A Year Later, Oregon's Foster Care System Is Still a Horror Show
Under increasing pressure last year, Oregon Governor Kate Brown (D-Portland) finally commissioned a blue ribbon task force to investigate problems in the state's foster care system. The result?
The problems just keeps getting worse.
Rather than seeing improvements in Department of Human Services practices in regards to foster children, new state data show "a practice contrary to child welfare norms, a practice that is harmful in myriad ways, a practice its own director describes as inappropriate for even one child, but one that has become entrenched" in the foster care system.
The latest revelation came in the filings of a lawsuit on behalf of foster children that seeks to immediately halt practices by DHS that are harmful to children. The suit was filed by nonprofit children's advocacy group CASA for Children, which represents two young girls in foster care in Oregon. They specifically cite the state's "temporary lodging practice" and claim it violates the civil rights of the two girls.

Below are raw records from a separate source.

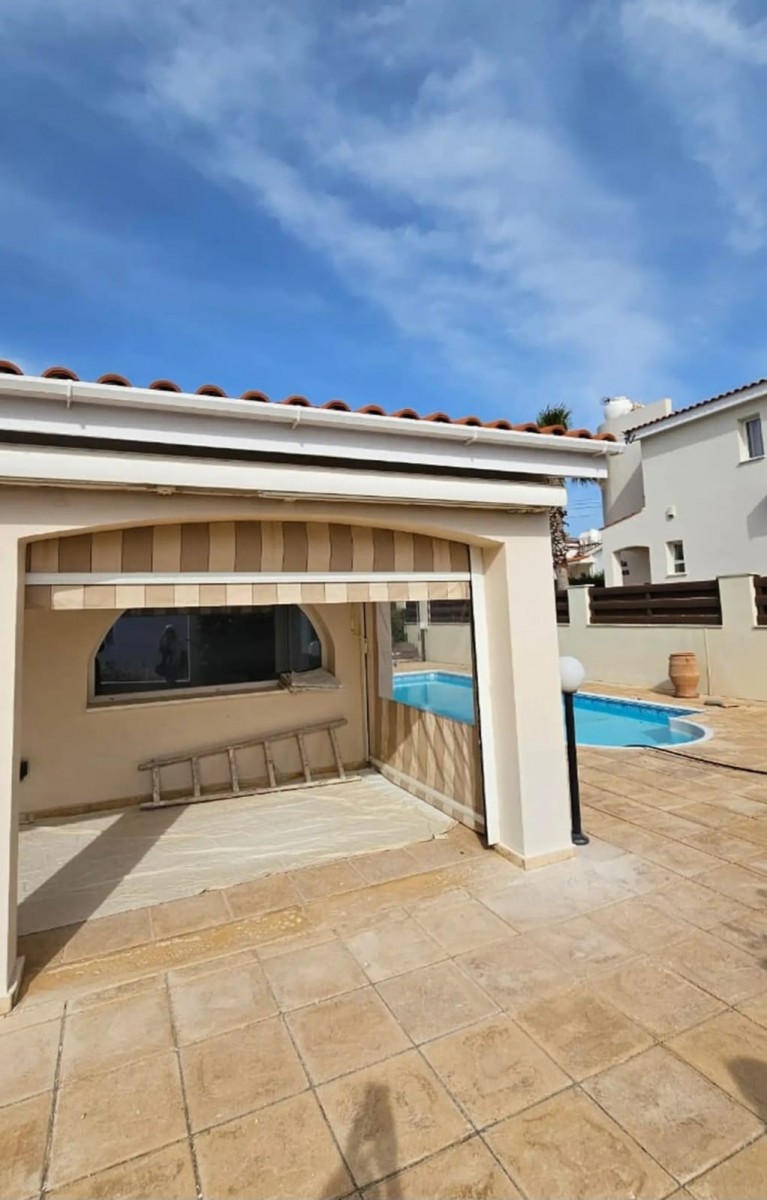 Bungalow For Rent  in  Chlorakas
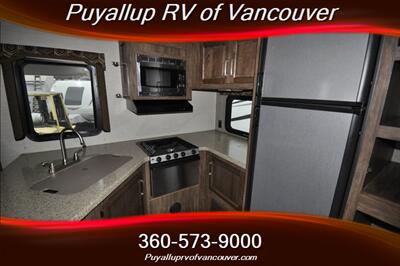 2017 KEYSTONE RV COUGAR 28RKS 28RKS FIFTH WHEEL   - Photo 12 - Vancouver, WA 98682-4901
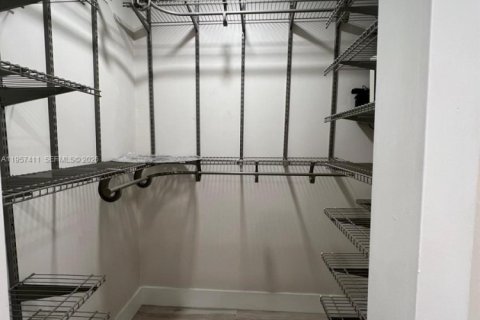 House in Miami, Florida 4 bedrooms, 173.17 sq.m. № 2011287 - photo 25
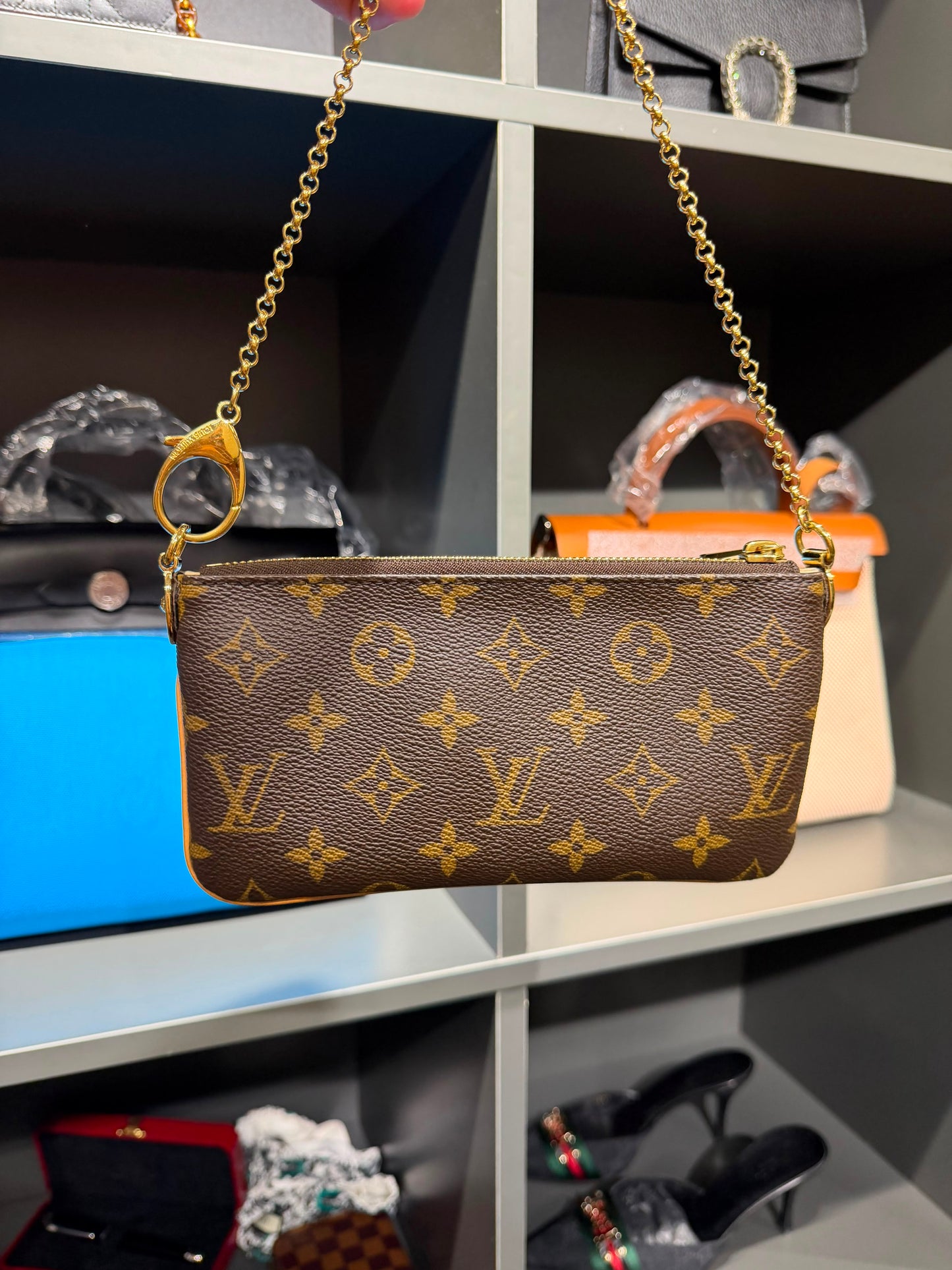 Louis Vuitton Monogram Pochette Handbag – Unused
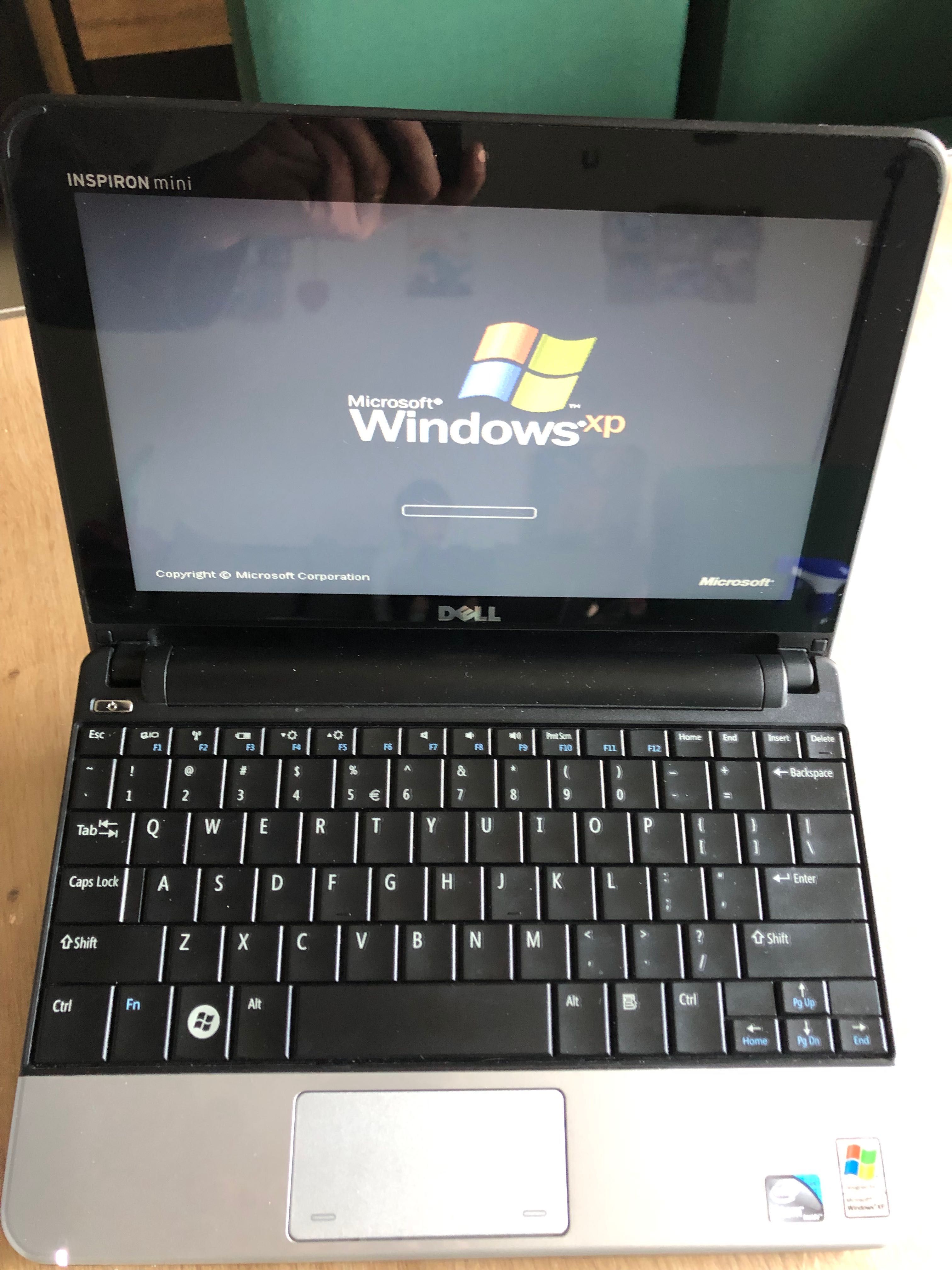 Laptop netbook Dell Inspirion MINI Intel atom 250hdd 1GB ram
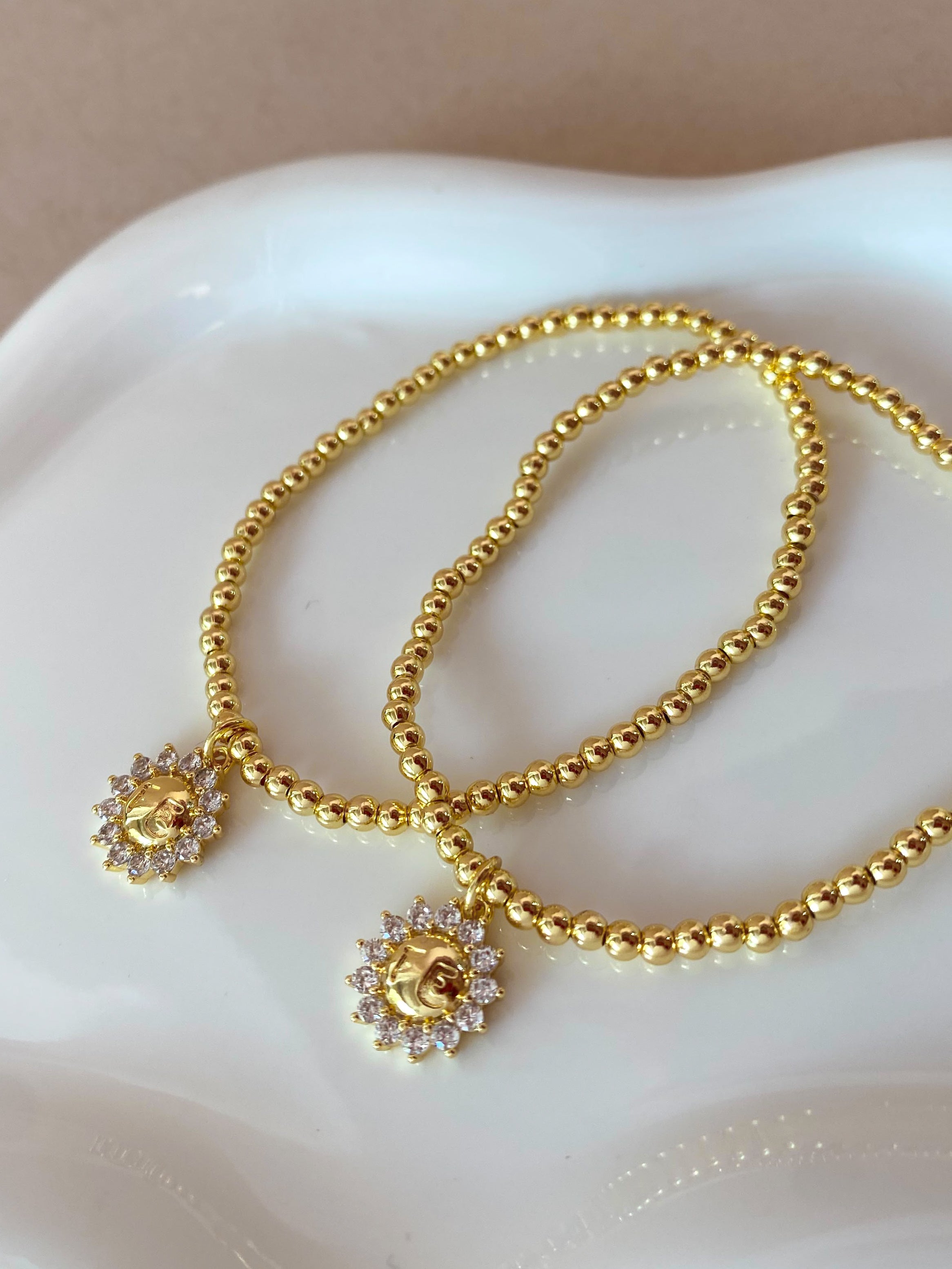 Star, White Heart and Faith Charms Elastics Bracelets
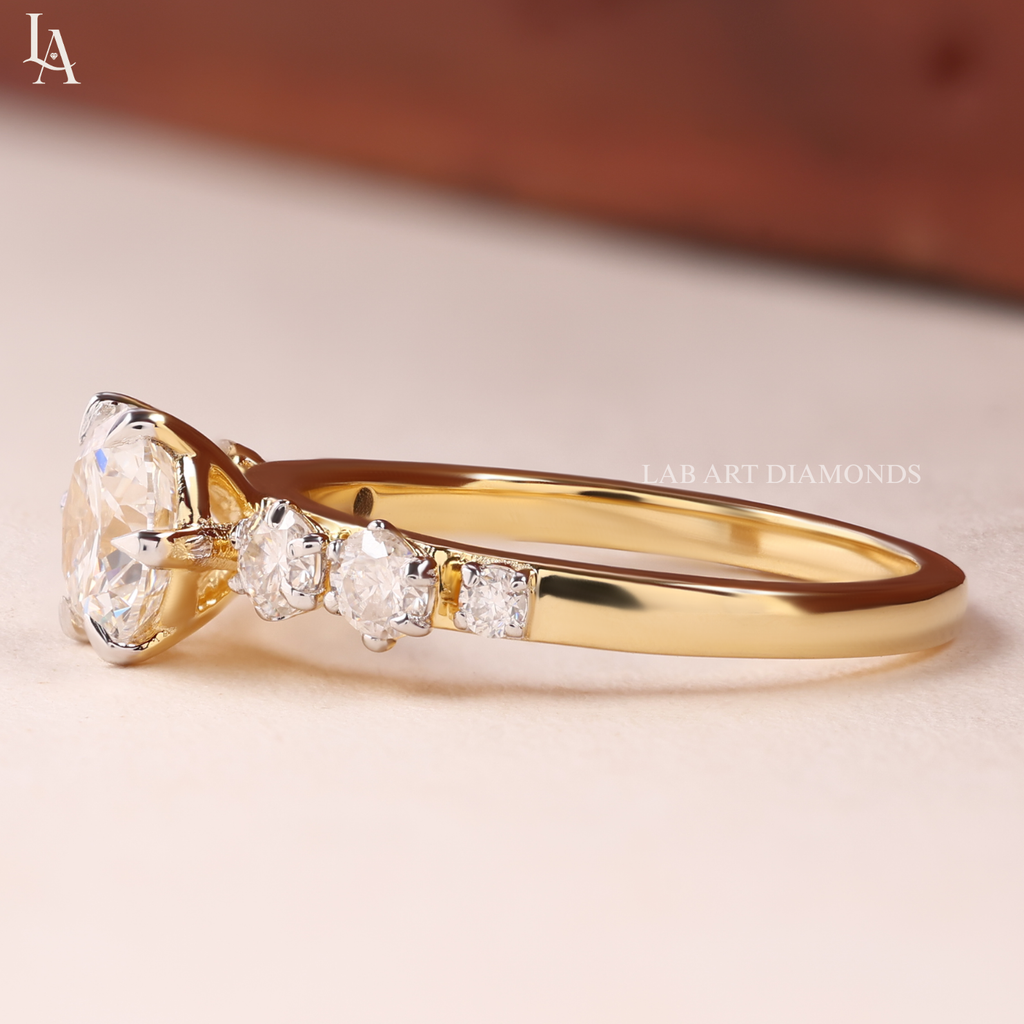 Round Cut Graduated Side Stone Engagement Ring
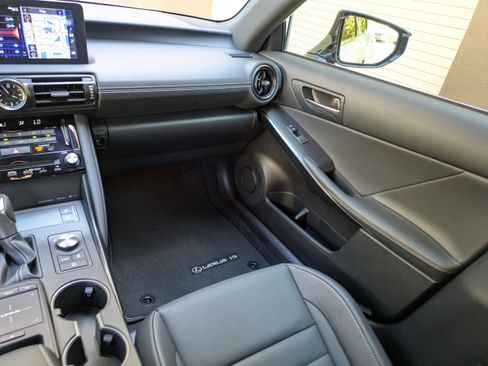 Used 2023 Lexus IS 350 F Sport w/ Navigation Package RWD image 15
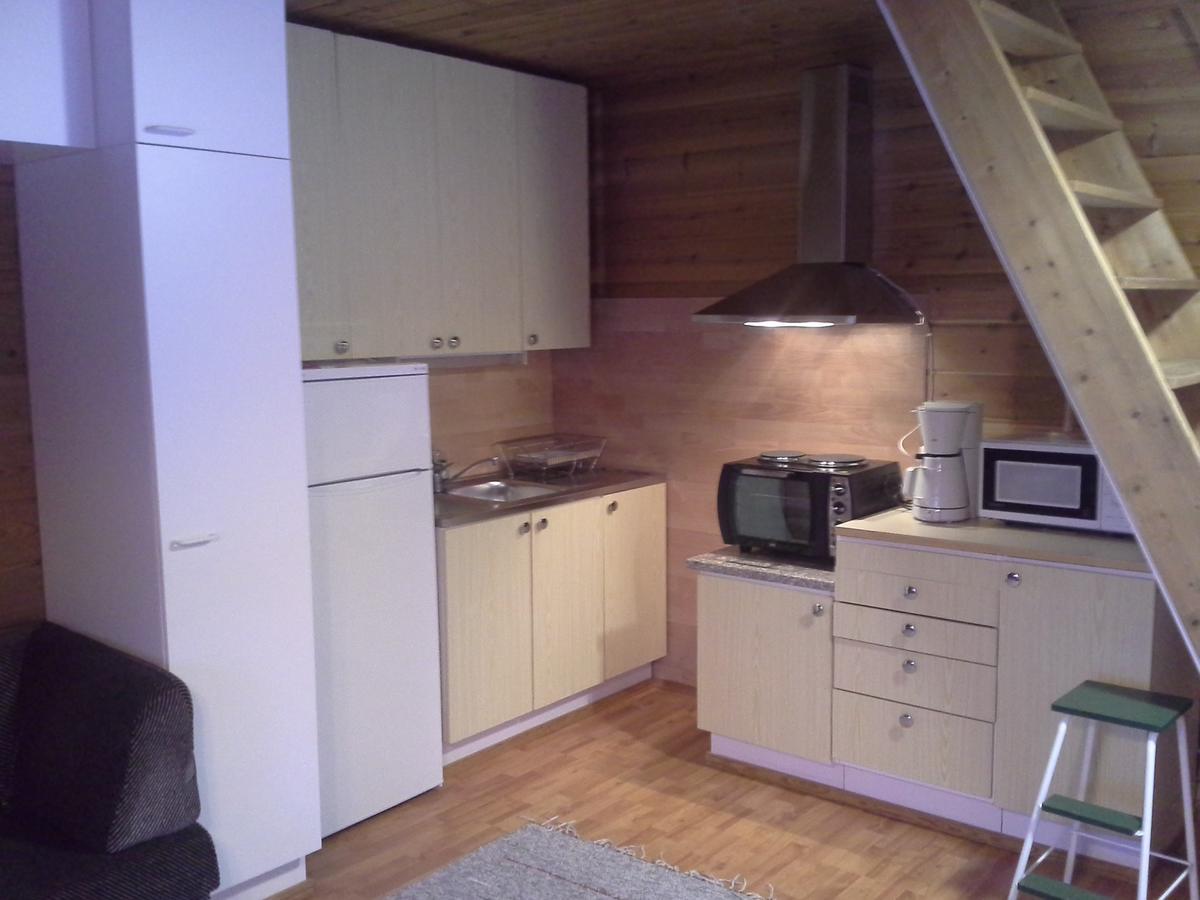 Vipati Cottage Ylitornio Bagian luar foto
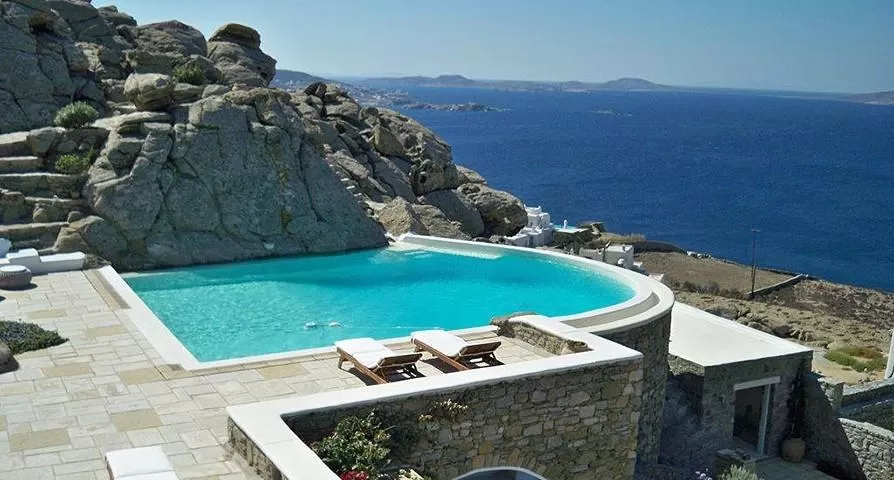 splendid Villa Rocky Sunset luxury holiday home and vacation rental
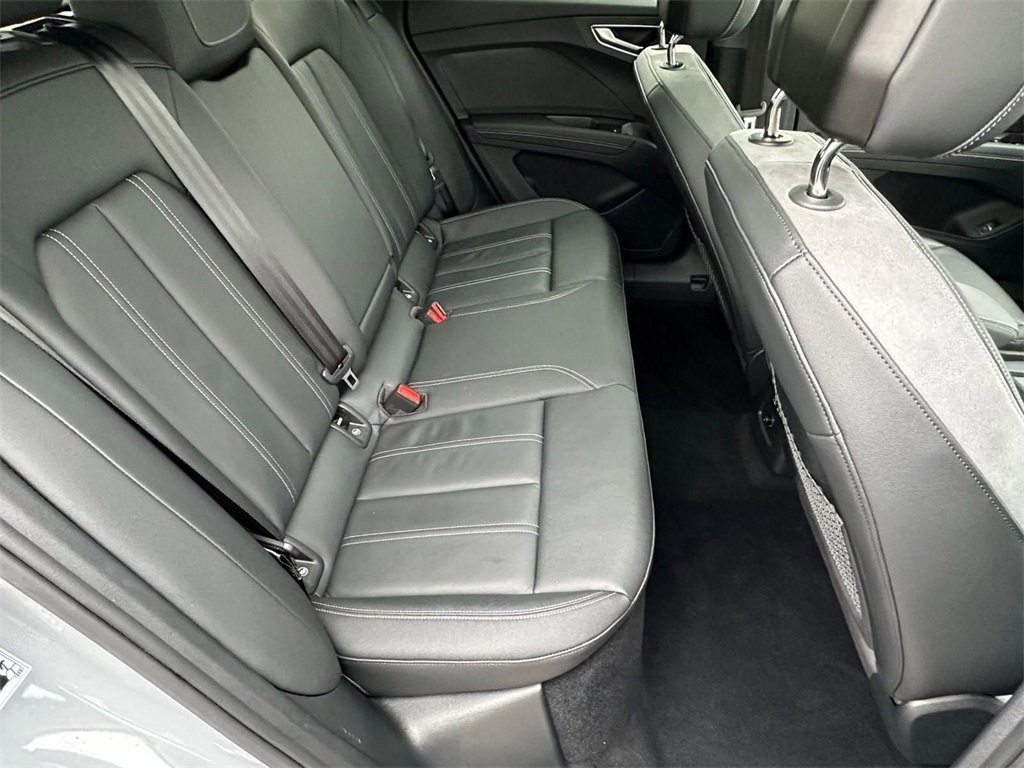 Used 2024 Audi Q4 e-tron Premium image 30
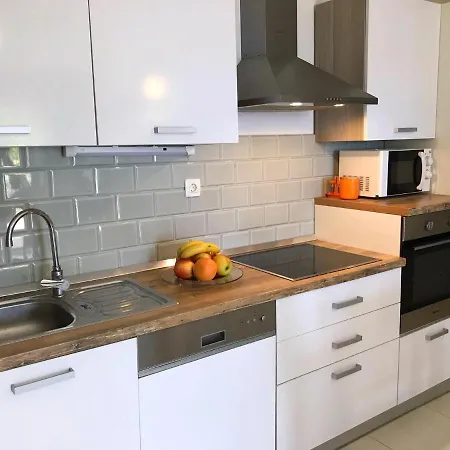 Superior Vujevic, Apartamento *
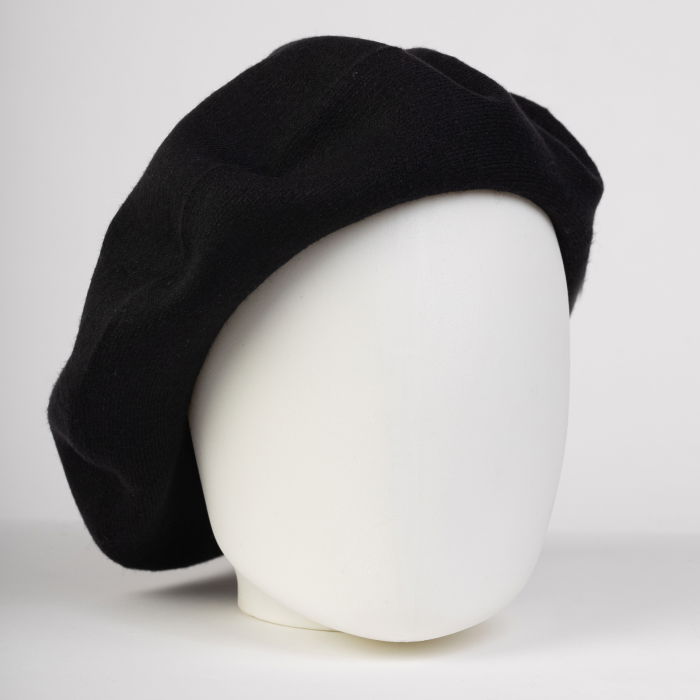 Beretă Neagră Chic Shopika | Accesoriu Elegan
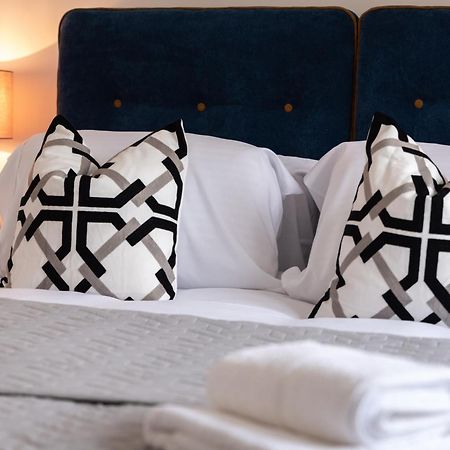 Elegant Apartments In Staines L Free Onsite Parking Staines-upon-Thames Екстериор снимка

- More than 130 foster children were housed in hotel rooms or office buildings
- Foster children lodged in such temporary housing are often supervised by unlicensed volunteer caretakers
- One 5-year-old stayed in a hotel for 55 days
- Many of the children in such temporary housing were 5 or younger
- One girl tried to throw herself out of a hotel window; another boy locked himself in the hotel room away from caretakers
- The average stay in temporary housing was 20 days
- The longest stays ranged from 48 to 85 days
This is the latest in a series of devastating examinations of the broken foster care system in Oregon. A federal report in March 2016 said that Oregon's foster system is failing across the board to keep children in its custody safe and healthy. Scandals repeatedly erupted around foster parents who were known abusers and were not removed from the system, and a complete lack of timely investigations into abuse reports. The report noted that conditions were deteriorating and that fundamental changes were needed.
The bubbling crisis put pressure on Governor Brown to take some sort of action. A consulting firm she hired produced a very disturbing report that showed that Oregon's foster children are abused at double the national rate, reporting was haphazard, and investigations were shoddy at best. Legislation was passed that made screening new foster parents more strict, but that had the unintended consequence of reducing the pool of available foster parents. No further action appears to have been taken after the report was released, either by the legislature or the governor's office.